黄色いスイカのレジェンド「金色羅皇」と種無しの寵児「ブラックジャック」。この2つのスイカ品種の血筋を受け継いだスイカ界の革命児が、2025年に本格デビューを果たした。その名も「ゴールデンジャック」。ぜひその新時代の味わいをご賞味あれ!
スイカ栽培4千年の歴史。それは絶え間ない品種改良の繰り返し。ケニアに残る原種に近いスイカは殆ど甘くなく、苦味と渋みがある白い果肉。それが世界中で改良され、日本では 『赤いスイカが美味』 の認識が定着した。さらに、故・木原均博士のゲノム研究で種無しスイカも生まれた。しかし、栽培効率が悪い種無しは、値段が高い割に味が良くないから、同様に味が良くない黄色いスイカとともに、不遇の時代が続いた。
草勢が強い。すなわち、植物としてパワフルで自分の成長に明け暮れる品種は、子供を作る(着果)のが難しい。黄色いスイカ界の王者 金色羅皇も草勢が強い。

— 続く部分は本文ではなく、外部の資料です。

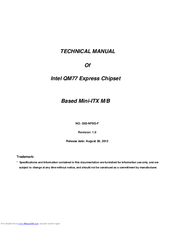 C&T Solution G03-NF9G- Technical Manual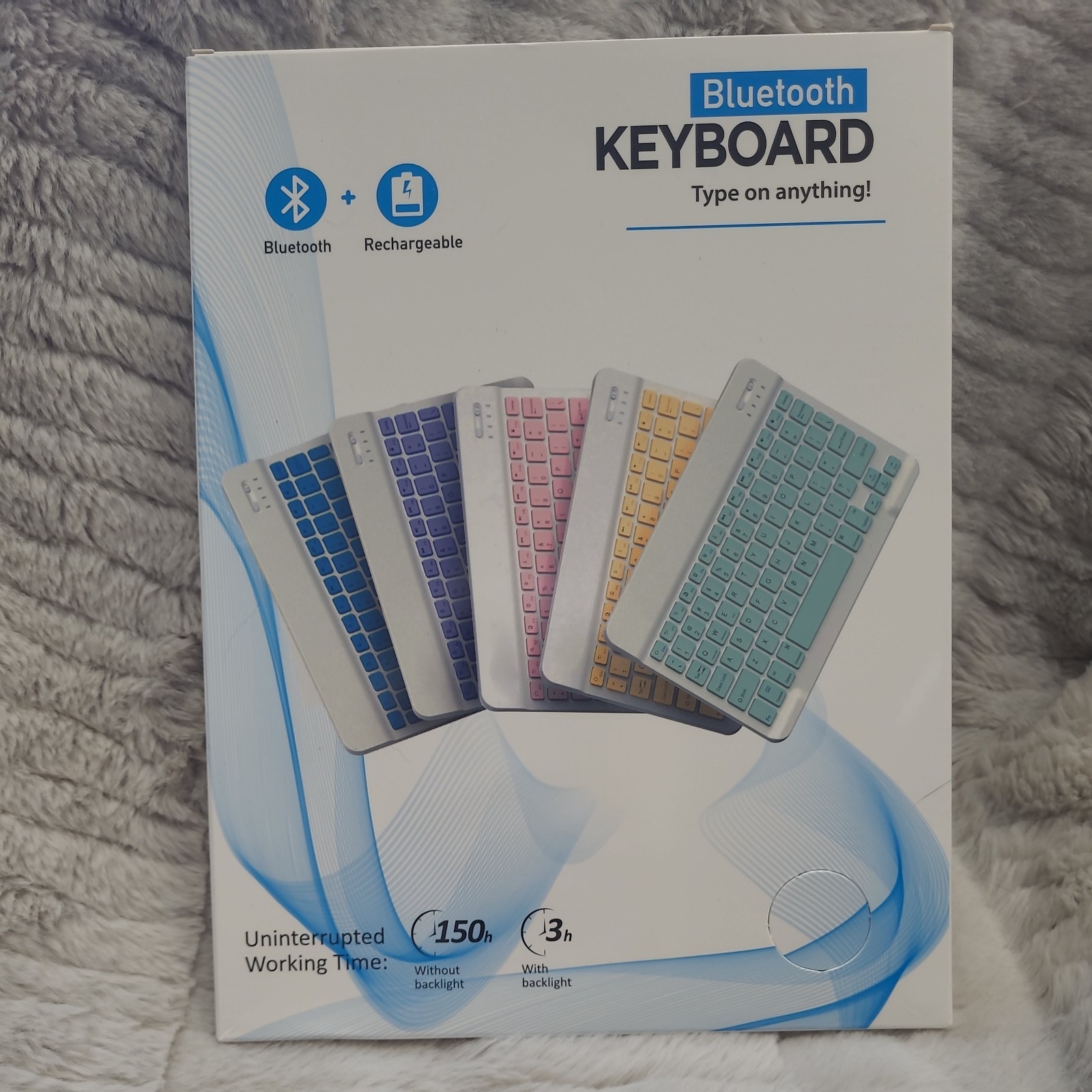 Wireless Bluetooth Keyboard For Windows Android iOS PC Phone Tablet Universal US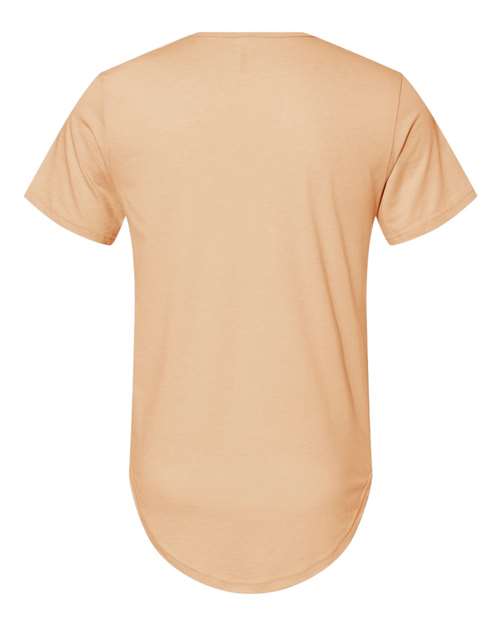 Bella + Canvas 3003C FWD Fashion Men's Curved Hem Short Sleeve T-Shirt #color_HEATHR SAND DUNE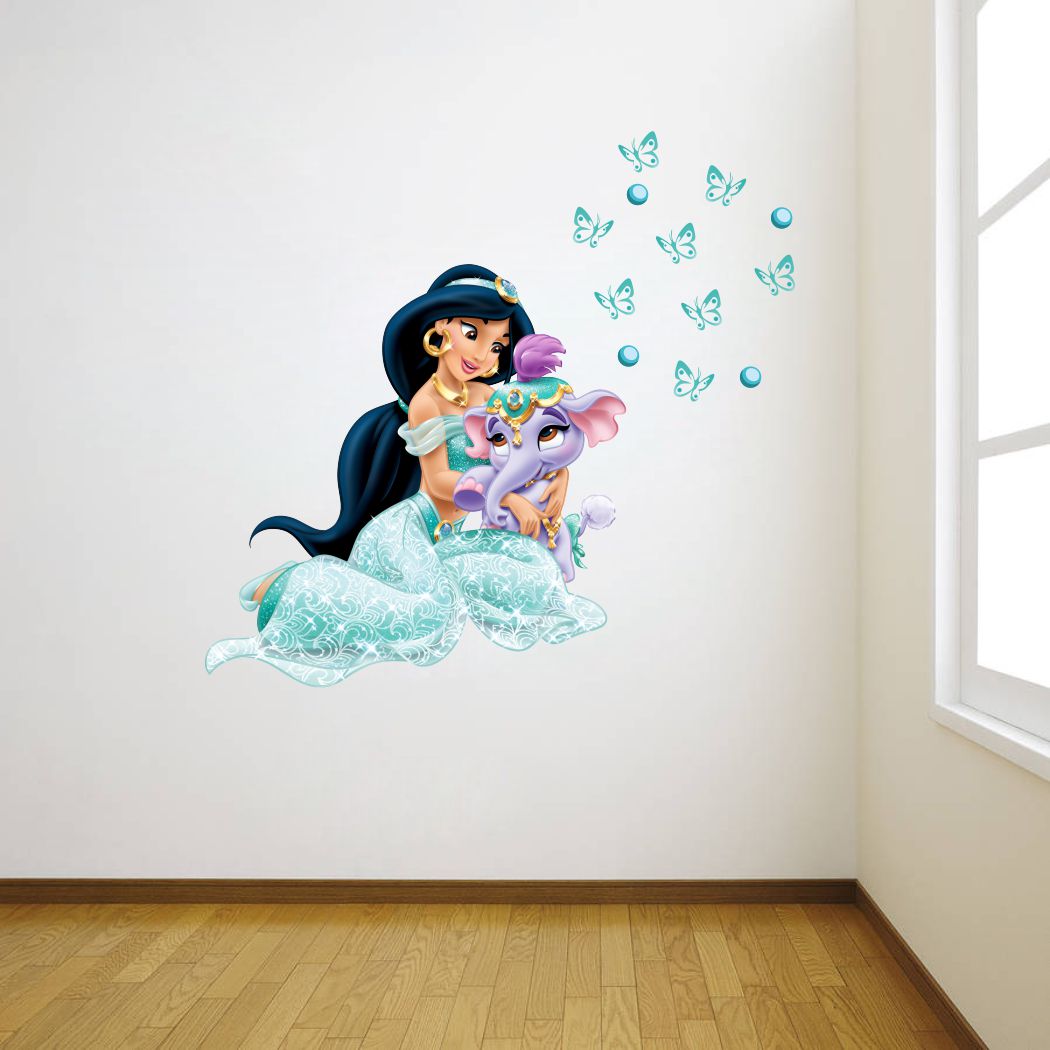 Homexa Decor | Princess Design Wall Sticker (Size 78 x 74 cm)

染色体が3倍体と数が多いブラックジャックは、生殖機能に問題がある分、さらにパワフルで上質な実をならせるのが難しい。そんな暴れ馬を調教し、圧巻のレース運びを可能にしたのが、ナント種苗(株)の宇野氏。10数年の研究によって、強烈なパワーを操縦するノウハウが確立したと言える。
栽培がしやすく、糖度14度超を狙え、大玉で、果肉も質が良く、種無しの黄色いスイカの概念を打ち破る新品種。スイカ農家にとって夢のような品種。
そうは言っても、2025年に本格デビューの新品種だから、まだまだ、栽培ノウハウが確立しているとは言い難い。全ての新しい農作物の品種に共通して言えるのは、土地による環境の違い、年度による気候の違いなど、様々な前提条件の違いの中、年に一度しか栽培できない新種は、腕の良い農業者でないと結果を出すのが難しい。
今回は品種開発したナント種苗初の認定スイカ生産者である、大分県日田市のヒタントが栽培する限定品。この品種をうまく作れる生産者は、現時点では殆どいない。
一般入手困難な凄い種無し黄色スイカ!スイカ好き必食の逸品だ。